Data entries -
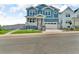 Beautiful two-story home with a well-maintained front yard, inviting porch, and attached garage at 900 Eldorado Ln, Louisville, CO 80027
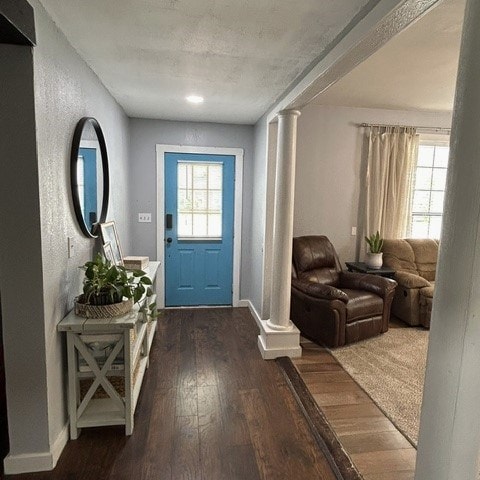 entrance foyer featuring dark hardwood / wood-style flooring and decorative columns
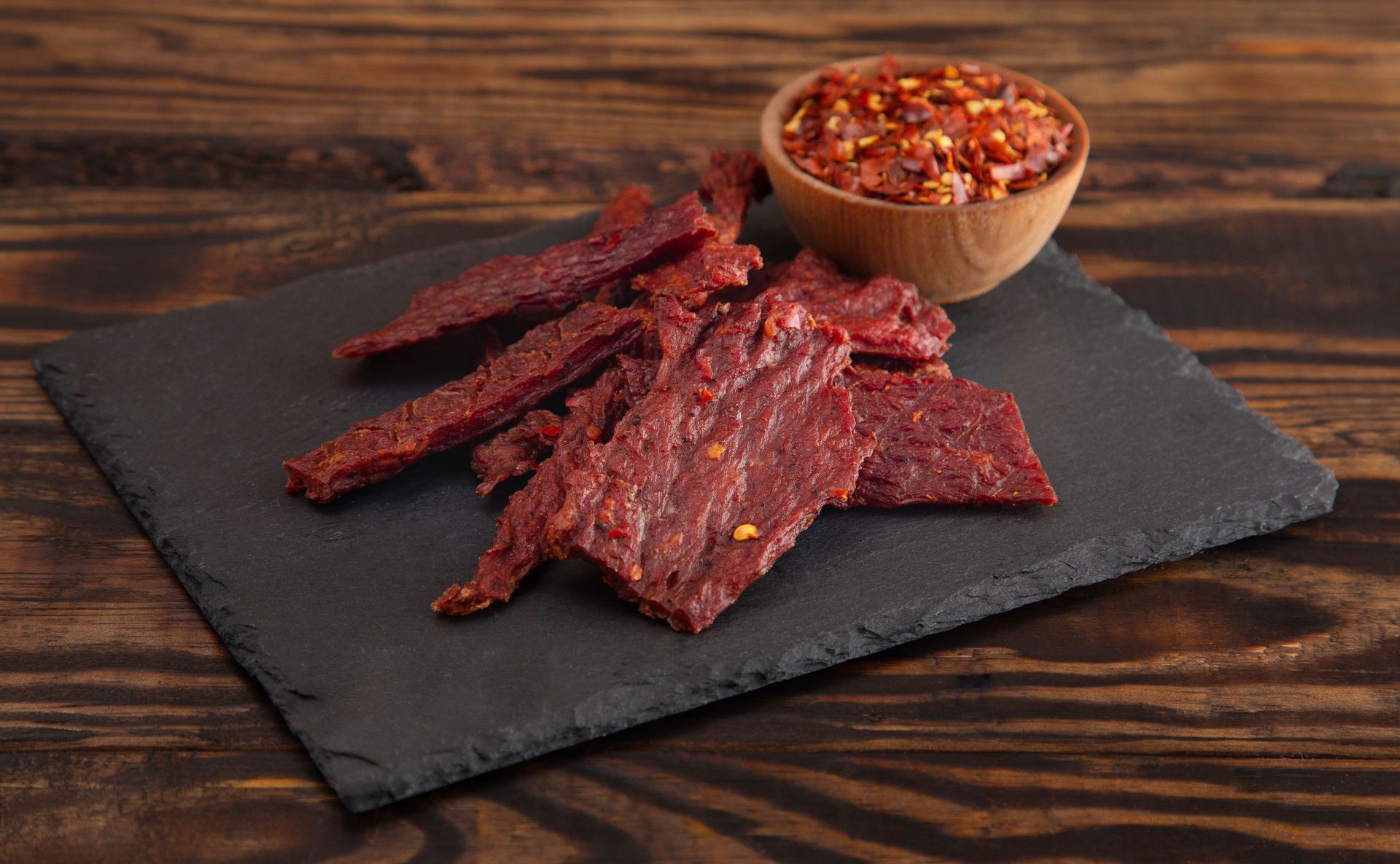 Beef jerky and chili flakes on a dark slate, wooden background.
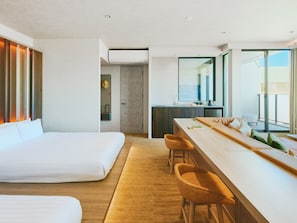 A modern hotel room with a large bed, a dining area with bar stools, a kitchenette, and a view of the outdoors. - FAV LUX NAGASAKI (Nagasaki)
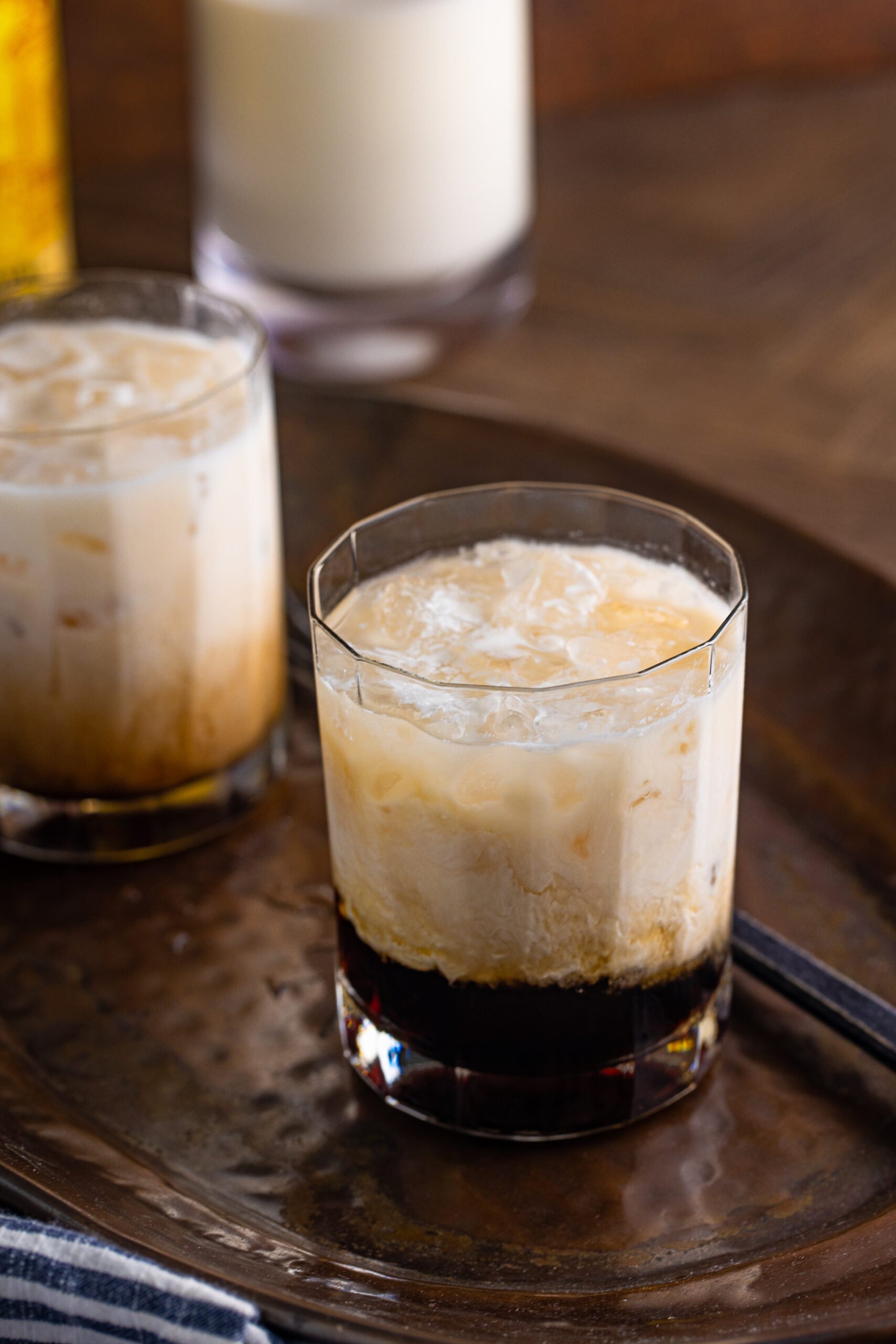 White Russian in a clear glass sitting on a dark metal serving tray. 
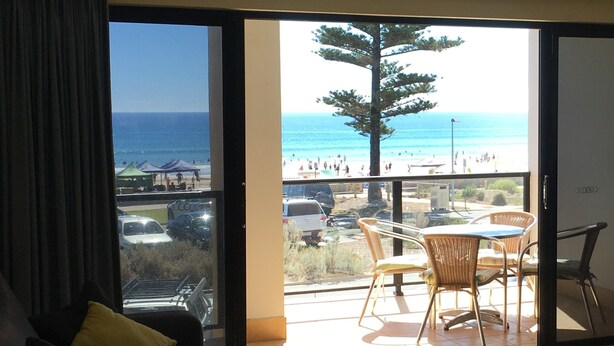 A living room with a large sliding glass door leading to a balcony with a view of the beach and ocean.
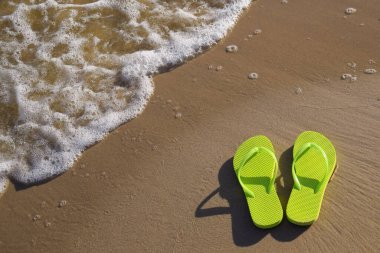 Sahilde parmak arası terlikler, deniz dalgaları.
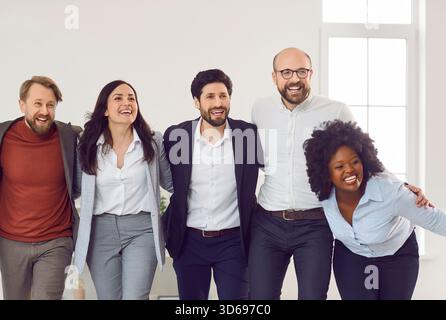 Energiegeladenes und zusammengeschlossenes multirassisches Geschäftsteam, das sich während der Pose im Büro breit lächelt. Stockfoto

ASSIGNMENT -
Extract exactly the lines from the one containing "Sahilde parmak arası" through the last line of the records above, both included, and leave out the pictures.

RESPONSE BELOW -
 Sahilde parmak arası terlikler, deniz dalgaları.
 Energiegeladenes und zusammengeschlossenes multirassisches Geschäftsteam, das sich während der Pose im Büro breit lächelt. Stockfoto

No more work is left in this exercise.